Device.new(gpu: u16)

Device.new(gpu) initializes the GPU identified by ordinal gpu. Pass 0 for the first GPU, 1 for the second, and so on. Under the hood, cudaz performs the full CUDA initialization sequence:
  1. cuInit(0) — initializes the CUDA driver.
  2. cuDeviceGet — obtains a CUdevice handle for the requested ordinal.
  3. cuDevicePrimaryCtxRetain — retains the primary context for the device.
  4. cuCtxSetCurrent — makes the primary context current on the calling thread.
const device = try Cuda.Device.default();
defer device.deinit();
The defer device.deinit() line ensures that the primary context is always released when the enclosing scope exits, even if a later operation returns an error.

Device Cleanup

device.deinit() calls cuDevicePrimaryCtxRelease to release the primary context. It is defined on a *const Device and panics if the release fails, so there is no error to handle at the call site. Always pair every device initialization with a deferred deinit:
const device = try Cuda.Device.new(0);
defer device.deinit();
// ... allocations and kernels ...

The Primary Context Model

cudaz uses CUDA primary contexts rather than manually created contexts. Every process shares exactly one primary context per device, and the driver manages its lifetime through a reference count. This means:
  • cudaz is safe to use alongside other CUDA libraries (cuBLAS, cuDNN, etc.) that also use the primary context.
  • You do not need to push or pop contexts manually.
  • cuCtxSetCurrent makes the primary context active on the calling thread immediately after it is retained.

Multi-GPU Support

To open multiple GPUs, call Device.new once per ordinal.

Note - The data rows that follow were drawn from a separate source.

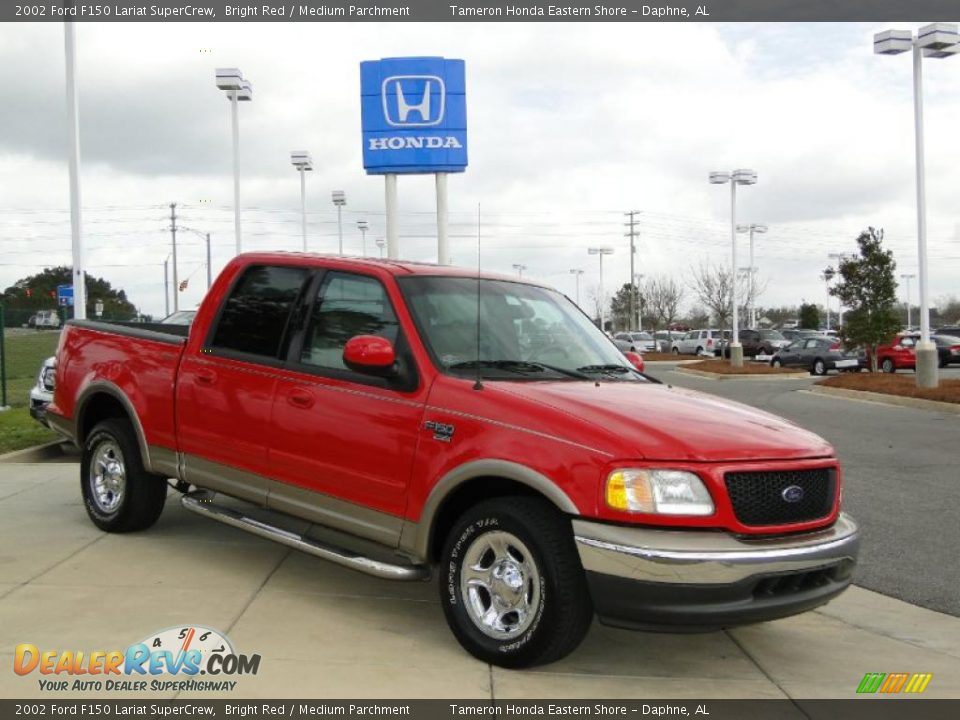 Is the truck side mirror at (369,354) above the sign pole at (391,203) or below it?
below

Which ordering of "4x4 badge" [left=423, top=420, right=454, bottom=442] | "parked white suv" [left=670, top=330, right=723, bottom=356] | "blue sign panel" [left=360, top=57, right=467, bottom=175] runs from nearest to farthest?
1. "4x4 badge" [left=423, top=420, right=454, bottom=442]
2. "blue sign panel" [left=360, top=57, right=467, bottom=175]
3. "parked white suv" [left=670, top=330, right=723, bottom=356]

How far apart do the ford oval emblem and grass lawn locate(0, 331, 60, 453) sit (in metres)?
8.55

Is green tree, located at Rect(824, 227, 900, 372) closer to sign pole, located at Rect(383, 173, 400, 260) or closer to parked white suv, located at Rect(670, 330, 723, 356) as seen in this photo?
sign pole, located at Rect(383, 173, 400, 260)

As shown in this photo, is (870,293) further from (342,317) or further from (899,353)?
(342,317)

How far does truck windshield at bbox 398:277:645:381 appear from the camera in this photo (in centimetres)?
503

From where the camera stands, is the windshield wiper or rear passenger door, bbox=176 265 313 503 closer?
the windshield wiper

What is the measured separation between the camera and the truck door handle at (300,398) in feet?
17.3

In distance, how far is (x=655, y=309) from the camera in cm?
8700

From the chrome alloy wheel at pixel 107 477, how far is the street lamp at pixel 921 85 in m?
19.3

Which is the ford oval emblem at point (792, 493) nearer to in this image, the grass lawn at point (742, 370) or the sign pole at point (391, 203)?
the sign pole at point (391, 203)

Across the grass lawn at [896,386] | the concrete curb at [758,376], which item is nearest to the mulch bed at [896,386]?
the grass lawn at [896,386]

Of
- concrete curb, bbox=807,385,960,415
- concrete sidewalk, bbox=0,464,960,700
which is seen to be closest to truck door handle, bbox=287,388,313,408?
concrete sidewalk, bbox=0,464,960,700

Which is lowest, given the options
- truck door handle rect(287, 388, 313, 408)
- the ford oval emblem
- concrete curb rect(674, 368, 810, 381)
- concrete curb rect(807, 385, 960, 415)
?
concrete curb rect(807, 385, 960, 415)

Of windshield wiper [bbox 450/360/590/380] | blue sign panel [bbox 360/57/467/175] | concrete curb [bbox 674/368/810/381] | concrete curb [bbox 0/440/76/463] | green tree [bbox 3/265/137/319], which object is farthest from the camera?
green tree [bbox 3/265/137/319] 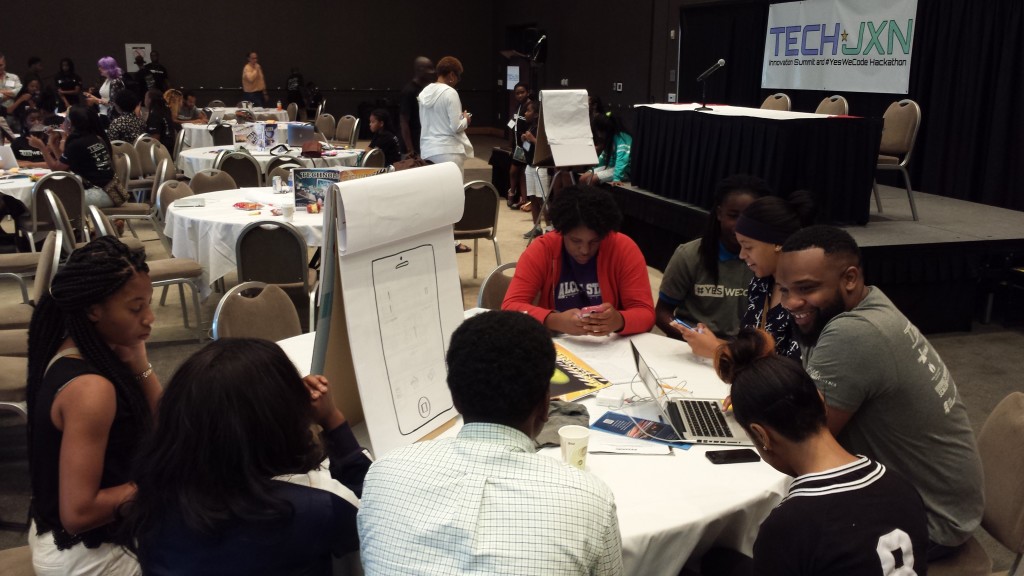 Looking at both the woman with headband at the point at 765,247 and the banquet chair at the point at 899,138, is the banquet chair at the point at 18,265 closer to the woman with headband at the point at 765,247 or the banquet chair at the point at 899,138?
the woman with headband at the point at 765,247

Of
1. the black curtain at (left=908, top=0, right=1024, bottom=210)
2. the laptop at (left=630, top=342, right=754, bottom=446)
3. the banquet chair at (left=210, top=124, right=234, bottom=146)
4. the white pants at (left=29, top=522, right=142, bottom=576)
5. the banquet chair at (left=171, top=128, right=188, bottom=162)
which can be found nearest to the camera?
the white pants at (left=29, top=522, right=142, bottom=576)

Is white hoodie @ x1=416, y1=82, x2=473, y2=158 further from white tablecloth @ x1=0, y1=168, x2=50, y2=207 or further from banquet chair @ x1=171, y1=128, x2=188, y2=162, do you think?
banquet chair @ x1=171, y1=128, x2=188, y2=162

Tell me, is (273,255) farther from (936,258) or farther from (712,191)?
(936,258)

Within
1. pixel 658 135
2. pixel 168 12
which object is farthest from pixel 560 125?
pixel 168 12

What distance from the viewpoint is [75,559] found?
1.72m

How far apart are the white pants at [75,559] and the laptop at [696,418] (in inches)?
52.3

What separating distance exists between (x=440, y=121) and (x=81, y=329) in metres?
5.41

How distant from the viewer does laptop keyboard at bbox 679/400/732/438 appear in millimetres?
2029

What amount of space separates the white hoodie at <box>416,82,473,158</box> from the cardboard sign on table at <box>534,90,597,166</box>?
26.7 inches

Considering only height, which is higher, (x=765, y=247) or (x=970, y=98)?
(x=970, y=98)

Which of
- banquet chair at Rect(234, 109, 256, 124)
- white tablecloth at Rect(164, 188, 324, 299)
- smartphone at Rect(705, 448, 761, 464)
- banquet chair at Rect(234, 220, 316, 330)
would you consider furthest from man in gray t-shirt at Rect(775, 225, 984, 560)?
banquet chair at Rect(234, 109, 256, 124)

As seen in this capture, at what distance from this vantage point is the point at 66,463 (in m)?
1.60

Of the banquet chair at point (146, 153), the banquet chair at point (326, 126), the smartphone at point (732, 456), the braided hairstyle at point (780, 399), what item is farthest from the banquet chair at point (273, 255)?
the banquet chair at point (326, 126)

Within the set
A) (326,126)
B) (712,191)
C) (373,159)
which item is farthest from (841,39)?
(326,126) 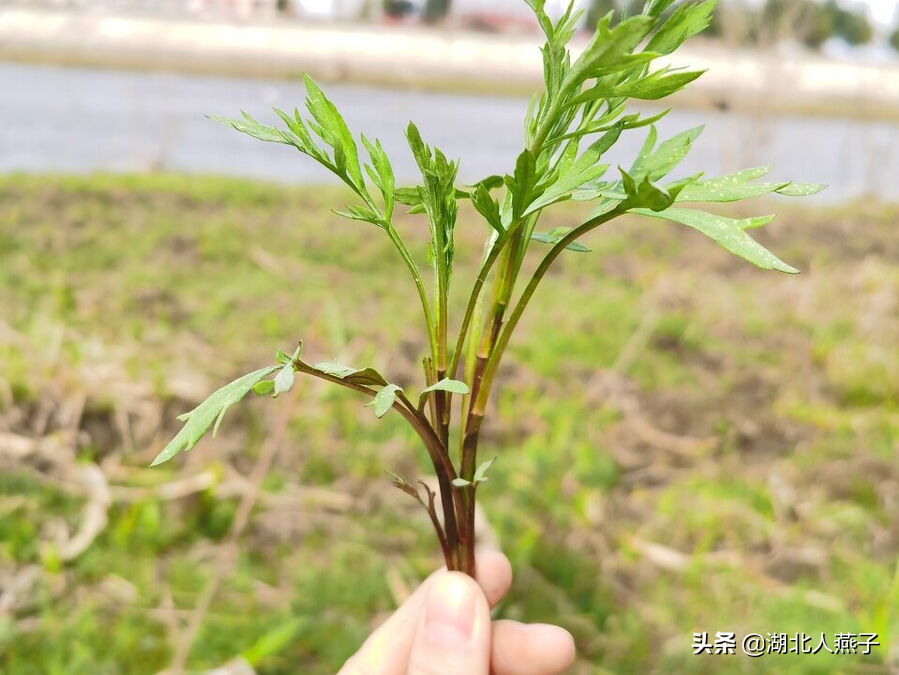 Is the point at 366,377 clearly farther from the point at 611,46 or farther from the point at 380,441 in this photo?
the point at 380,441

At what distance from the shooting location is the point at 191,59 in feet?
22.4

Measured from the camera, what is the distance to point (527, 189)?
1.25 ft

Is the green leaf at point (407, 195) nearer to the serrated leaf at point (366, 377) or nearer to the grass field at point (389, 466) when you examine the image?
the serrated leaf at point (366, 377)

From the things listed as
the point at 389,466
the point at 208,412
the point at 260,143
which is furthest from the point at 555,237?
the point at 260,143

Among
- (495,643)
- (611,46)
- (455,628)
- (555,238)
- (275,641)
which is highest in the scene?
(611,46)

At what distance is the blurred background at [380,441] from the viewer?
3.84 ft

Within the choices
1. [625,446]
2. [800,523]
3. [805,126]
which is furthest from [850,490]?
[805,126]

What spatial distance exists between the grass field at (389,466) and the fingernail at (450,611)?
1.90 ft

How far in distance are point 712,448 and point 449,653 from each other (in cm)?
123

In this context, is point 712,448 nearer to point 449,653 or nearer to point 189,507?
point 189,507

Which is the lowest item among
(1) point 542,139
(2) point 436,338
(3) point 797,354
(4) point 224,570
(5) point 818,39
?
(4) point 224,570

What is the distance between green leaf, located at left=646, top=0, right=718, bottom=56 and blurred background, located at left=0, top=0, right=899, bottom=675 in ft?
0.93

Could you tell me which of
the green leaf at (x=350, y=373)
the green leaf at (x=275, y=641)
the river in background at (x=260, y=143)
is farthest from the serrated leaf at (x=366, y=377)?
the river in background at (x=260, y=143)

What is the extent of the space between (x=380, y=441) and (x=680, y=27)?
122 centimetres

Each call retains a separate primary context and sets it current at the time of the call:
const gpu0 = try Cuda.Device.new(0);
defer gpu0.deinit();

const gpu1 = try Cuda.Device.new(1);
defer gpu1.deinit();
Allocations and kernel launches performed through gpu0 always execute on GPU 0, and those through gpu1 on GPU 1, because each Device value stores its own context handle.

The ordinal Field

Every Device value exposes the GPU index it was opened with through the ordinal: u16 field:
const device = try Cuda.Device.new(2);
std.debug.print("Running on GPU {d}\n", .{device.ordinal}); // prints: Running on GPU 2
This is useful when logging, routing work, or verifying which physical GPU a slice was allocated on.
cudaz supports Linux and macOS. Windows is not supported. Ensure the CUDA driver and NVRTC libraries are installed and discoverable at runtime before calling any Device function.